Hatred, a feeling as hot and sweet as pleasure, rushed through her. How she would love to see that, to see Melanie in agony, destroyed. As quickly as the desire had come it was gone, and Sarah felt weak with shame. It was natural to resent Melanie, natural to want revenge, but she couldn’t let herself think about that—she didn’t really want that—not for Melanie or anyone.

The unexpected violence of her emotion left her feeling shaky, and she looked around uneasily, wondering if she had been wrong to give in to Brian. But Jade was gone, she told herself. He was dead. The house was empty, empty and safe. Brian and Melanie would be perfectly safe here; just as safe as anyone else who lived here. She would be safe herself, but she did not choose to stay.

Sarah had a hard time falling asleep that night. She lay awake a long time in the dark, empty bedroom, tossing on the new bed. She tensed at every sound, afraid that something was wrong. It was hard to accept that the battle was over and she had won, that she could sleep safely now.

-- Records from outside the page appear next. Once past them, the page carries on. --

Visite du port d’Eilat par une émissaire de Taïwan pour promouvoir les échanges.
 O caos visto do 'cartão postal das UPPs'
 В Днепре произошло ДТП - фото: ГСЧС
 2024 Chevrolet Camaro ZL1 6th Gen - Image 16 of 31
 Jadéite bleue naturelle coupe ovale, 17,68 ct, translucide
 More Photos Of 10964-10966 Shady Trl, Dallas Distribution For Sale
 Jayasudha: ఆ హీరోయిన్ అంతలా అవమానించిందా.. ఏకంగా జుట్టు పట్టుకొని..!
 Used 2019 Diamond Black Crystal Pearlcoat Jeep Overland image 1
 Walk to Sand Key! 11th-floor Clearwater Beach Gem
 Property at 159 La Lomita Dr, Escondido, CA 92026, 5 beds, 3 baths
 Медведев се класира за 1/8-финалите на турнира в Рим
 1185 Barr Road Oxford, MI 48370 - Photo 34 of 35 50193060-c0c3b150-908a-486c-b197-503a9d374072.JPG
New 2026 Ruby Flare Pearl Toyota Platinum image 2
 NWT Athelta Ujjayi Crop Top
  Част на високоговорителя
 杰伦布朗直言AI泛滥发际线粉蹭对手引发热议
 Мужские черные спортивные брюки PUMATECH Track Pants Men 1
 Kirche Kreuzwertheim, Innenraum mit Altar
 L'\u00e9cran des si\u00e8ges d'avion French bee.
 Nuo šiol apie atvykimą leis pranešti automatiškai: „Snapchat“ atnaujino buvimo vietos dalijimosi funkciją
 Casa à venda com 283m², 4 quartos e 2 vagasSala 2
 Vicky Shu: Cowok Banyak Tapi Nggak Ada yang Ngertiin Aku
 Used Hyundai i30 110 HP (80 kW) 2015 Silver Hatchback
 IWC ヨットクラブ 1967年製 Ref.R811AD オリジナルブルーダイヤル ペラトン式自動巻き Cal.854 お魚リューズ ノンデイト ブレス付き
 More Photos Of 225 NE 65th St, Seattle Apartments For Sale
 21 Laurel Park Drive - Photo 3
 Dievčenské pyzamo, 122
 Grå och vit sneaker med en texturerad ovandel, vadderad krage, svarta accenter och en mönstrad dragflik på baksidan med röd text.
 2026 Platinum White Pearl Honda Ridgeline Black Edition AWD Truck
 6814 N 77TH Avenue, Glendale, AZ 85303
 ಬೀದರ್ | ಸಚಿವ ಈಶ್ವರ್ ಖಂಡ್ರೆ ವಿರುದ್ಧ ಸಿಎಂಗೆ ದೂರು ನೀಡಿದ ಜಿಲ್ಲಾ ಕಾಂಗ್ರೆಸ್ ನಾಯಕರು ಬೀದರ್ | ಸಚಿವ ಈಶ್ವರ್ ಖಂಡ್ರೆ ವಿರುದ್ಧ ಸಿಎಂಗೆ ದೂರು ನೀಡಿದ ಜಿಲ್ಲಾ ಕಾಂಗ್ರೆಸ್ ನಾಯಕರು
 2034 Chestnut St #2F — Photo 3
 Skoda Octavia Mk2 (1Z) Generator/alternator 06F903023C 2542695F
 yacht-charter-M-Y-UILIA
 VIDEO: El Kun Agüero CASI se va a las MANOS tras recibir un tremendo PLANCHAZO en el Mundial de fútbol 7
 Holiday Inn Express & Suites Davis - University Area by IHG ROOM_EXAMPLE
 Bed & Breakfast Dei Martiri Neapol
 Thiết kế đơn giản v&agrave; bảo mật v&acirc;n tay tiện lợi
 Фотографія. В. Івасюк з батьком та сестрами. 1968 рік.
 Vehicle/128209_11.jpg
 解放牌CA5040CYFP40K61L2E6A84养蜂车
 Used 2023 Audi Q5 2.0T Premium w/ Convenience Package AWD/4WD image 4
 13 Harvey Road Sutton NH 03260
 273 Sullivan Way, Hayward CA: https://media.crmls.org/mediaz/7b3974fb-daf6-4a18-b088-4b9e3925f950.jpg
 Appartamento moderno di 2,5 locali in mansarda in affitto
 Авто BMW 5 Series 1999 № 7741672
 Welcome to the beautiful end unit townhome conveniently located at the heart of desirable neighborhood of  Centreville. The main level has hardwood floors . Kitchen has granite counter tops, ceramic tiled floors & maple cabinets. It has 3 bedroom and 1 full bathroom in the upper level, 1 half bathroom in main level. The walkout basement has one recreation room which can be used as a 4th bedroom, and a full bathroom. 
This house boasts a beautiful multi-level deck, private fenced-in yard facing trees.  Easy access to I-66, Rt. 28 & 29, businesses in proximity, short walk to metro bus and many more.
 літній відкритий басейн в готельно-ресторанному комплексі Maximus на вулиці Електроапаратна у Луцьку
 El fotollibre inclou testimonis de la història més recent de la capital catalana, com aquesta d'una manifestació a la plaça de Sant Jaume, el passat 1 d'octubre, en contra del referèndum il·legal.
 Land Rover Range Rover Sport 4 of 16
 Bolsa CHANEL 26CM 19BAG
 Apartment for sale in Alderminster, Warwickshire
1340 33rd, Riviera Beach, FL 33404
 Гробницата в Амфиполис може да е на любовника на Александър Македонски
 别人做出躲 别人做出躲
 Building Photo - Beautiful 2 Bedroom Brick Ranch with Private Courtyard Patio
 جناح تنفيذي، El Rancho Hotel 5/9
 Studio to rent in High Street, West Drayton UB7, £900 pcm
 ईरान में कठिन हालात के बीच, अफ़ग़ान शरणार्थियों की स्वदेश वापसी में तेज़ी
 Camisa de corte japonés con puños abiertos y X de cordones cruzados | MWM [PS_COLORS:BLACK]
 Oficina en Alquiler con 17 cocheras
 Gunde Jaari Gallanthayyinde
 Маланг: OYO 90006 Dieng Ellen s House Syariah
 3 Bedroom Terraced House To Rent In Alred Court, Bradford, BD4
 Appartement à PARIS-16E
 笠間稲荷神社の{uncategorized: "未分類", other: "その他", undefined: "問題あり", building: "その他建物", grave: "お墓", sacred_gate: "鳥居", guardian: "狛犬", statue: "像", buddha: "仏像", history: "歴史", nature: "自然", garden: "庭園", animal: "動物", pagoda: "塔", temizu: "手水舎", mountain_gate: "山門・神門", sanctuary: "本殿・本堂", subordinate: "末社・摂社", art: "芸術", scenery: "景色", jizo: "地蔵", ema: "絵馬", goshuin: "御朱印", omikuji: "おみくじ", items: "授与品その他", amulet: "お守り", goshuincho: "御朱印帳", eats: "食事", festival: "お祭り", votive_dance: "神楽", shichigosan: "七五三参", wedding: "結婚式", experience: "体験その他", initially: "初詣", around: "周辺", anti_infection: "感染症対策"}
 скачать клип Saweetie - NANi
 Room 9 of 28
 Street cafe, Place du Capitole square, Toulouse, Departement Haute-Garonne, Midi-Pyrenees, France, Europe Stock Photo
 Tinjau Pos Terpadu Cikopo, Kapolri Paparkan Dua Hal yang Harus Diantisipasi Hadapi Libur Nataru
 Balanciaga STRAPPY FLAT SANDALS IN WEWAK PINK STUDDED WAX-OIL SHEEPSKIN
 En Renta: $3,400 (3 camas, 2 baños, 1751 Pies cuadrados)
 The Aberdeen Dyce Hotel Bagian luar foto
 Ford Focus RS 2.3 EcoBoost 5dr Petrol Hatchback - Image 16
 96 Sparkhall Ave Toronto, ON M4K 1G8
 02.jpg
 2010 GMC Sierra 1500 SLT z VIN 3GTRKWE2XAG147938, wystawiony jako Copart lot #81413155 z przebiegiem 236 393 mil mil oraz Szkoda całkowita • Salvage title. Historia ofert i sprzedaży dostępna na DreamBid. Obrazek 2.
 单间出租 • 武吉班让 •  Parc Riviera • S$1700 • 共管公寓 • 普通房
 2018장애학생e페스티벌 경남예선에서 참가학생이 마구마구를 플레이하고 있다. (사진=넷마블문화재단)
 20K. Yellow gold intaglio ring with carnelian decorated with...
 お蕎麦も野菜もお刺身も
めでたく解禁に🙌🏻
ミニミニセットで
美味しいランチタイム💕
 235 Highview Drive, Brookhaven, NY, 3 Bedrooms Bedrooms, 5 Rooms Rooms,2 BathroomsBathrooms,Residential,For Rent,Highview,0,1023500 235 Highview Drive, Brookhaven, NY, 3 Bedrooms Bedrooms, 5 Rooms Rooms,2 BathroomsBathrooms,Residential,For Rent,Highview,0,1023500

When she didn’t think of Jade, her thoughts turned relentlessly to Brian. Her earlier annoyance with him had faded, leaving behind the old, familiar ache. How long, she wondered, before she stopped missing him, stopped wanting him back?

I need to find someone else, she thought. It was time to get out, to meet new people, to go to parties again. It was possible in Austin to find some sort of party every weekend. It was time to stop mourning and get back into the swing of things. With someone new to think about and hold, she would not miss Brian so much.

That settled, Sarah snuggled deeper into the bed, pulling the blankets closer around her. The sound of the insects outside lulled her. It would be like the old days, she thought, when she and Beverly had found dates for each other.

She was half-asleep now, remembering the past and drifting into dreams. She rolled over in the soft, yielding bed and pressed herself against the comfort of Brian’s warm, naked body. Vague, sexual thoughts stirred within her, and she pressed her breasts against his back. Was he awake? She slipped her arms around him and trailed her fingers teasingly down his chest, his stomach, lower still . . .

He caught her hands gently and folded them around his penis, which was already half erect. She felt it swell within her hands and she sighed, pleased. He moved, turning within her arms to face her.

Moving to accommodate him, Sarah opened her eyes and was alone. Her arms, reaching out to embrace a phantom, were empty.

She shuddered, and tears rose in her eyes. A dream. Just a dream. Moonlight spilled coldly through the window, illuminating nothing but the emptiness around her. She didn’t belong here, alone in this big, empty house. She had no home.